Well, actually, ‘butchering’ does means exactly that, in this context: ‘politely trying’ to do one’s best in a foreign language s/he doesn’t speak very well’, and I doubt if it’s ever intended in a mean or nasty way. It’s humor by exaggeration. levdrakon wasn’t trying to insult anyone; he was just saying that in the end, if a German and an American meet, on German soil, and the German knows English better than the American knows German, they’re going to end up using English. I agree with you that the OP should try to learn the language before going over there, and should get himself a Rosetta Stone course if at all possible. I also stand by my earlier statement that many if not most Germans don’t know English terribly well, but they do know it better than most Americans know German.

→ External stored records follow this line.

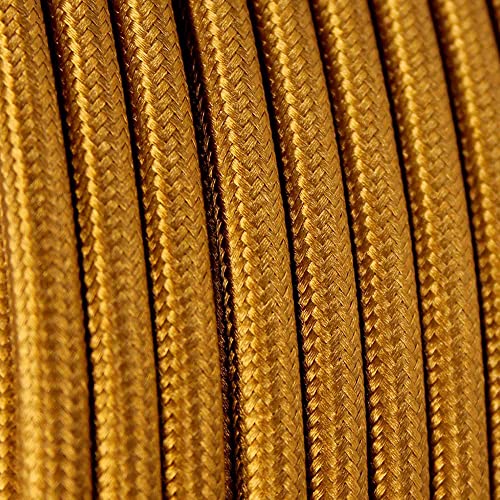10m Textilkabel Unifarben 3x0,75qmm 3G Kabel Stoffkabel Stromkabel umsponnen zusätzlich 6x Aderendhülsen (Gold Antik) von Christoph Palme Leuchten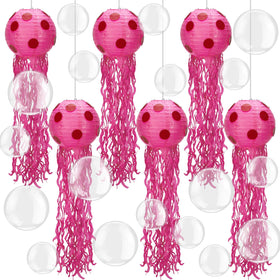 Lunmon jellyfish lantern rose red 8-inch decor for ocean-themed parties.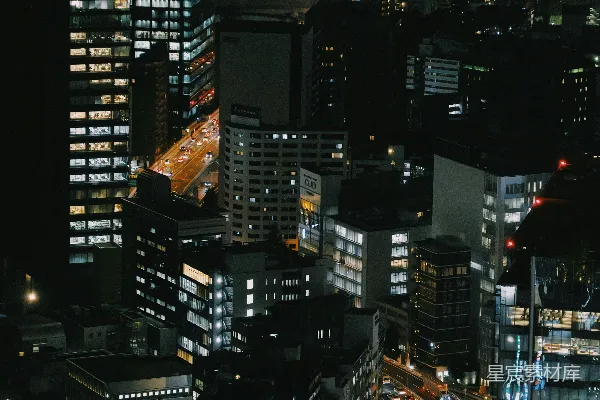 高清摄影 夜晚从建筑物顶部俯瞰城市景色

That some Americans expect Europeans to speak English? I can’t totally justify that either, but you have to admit we VERY rarely have any chance here to use any Continental language, other than Spanish, and I can tell you that without regular use one’s knowledge of a foreign language quickly fades. That’s less of a problem now what with webcasts of news and entertainment that now make European languages accessible to everyone, but these things take a long time to change. Before the advent of netcasts, one’s only recourse to practice a European language (except Spanish) was to read. German-American cultural presence is rapidly fading as our immigrants now mostly come from Latin America and Asia, and German immigration has been negligible for years. I joke that when my stepdaughter, now living in Berlin as a teacher, comes to visit, the number of German speakers in Los Angeles doubles to two–she and I.

You, on the other hand, have English speakers from the UK all the time, or you can go there easily enough. It’s a short easy trip either way. You do have far more opportunity to use English than Americans have to use Dutch or German. Most of us can’t afford to travel across the ocean, and then manage to stay a week or two the way our currency is right now.

We usually don’t say ‘horseshit’ either, in the figurative sense. It’s ‘bullshit’. I’m not picking on you, but pointing out that little things like that are the things that suggest the possibility of some language misunderstanding. I think levdrakon might have had a good reason for thinking you misunderstood his point–even if that assessment was incorrect–and was genuinely trying to help.

I apologize. I really wasn’t trying to win an argument using any particular sneaky technique. I don’t really consider this an argument as much as an exchange of experiences.

I don’t mean to beat this dead horseshit into the ground, but perhaps one of the reasons I found few Germans spoke English is because I learned German fairly quickly while living there (over 14 years) - and thus very few found the need to converse with me in English.
That said, I just took a mental tally.
Of about 25 Germans who contact me, or visit me here in the US, on a regular basis:
3 speak English fluently (one lived here for 8 years, the other two travel a lot).
3 speak well enough to travel through the US on their own, but not chat much.
19 speak no English whatsoever and could not order dinner without help.

I suppose if I traveled through Germany and didn’t speak any German whatsoever, I might have met a lot more who spoke English, but that wasn’t the case for me.

I guess what I am trying to say is that you find what you are looking for - if you need to find Germans who speak English, most Germans you meet will therefore speak English. If you don’t need to find Germans who speak English, chances are good those you meet won’t speak English.

I have also found that not only in Germany, but everywhere in the world - when there are two people who have two different native languages, whoever speaks the other’s language best wins - and that is the language you use to converse.

Look at any bilingual live-in relationship you know, and I bet the language they speak at home is the language spoken best by both of them, regardless of the language spoken outside of the home.

Damn you are lucky. My inlaws go to Bodensee for vacations it’s nice.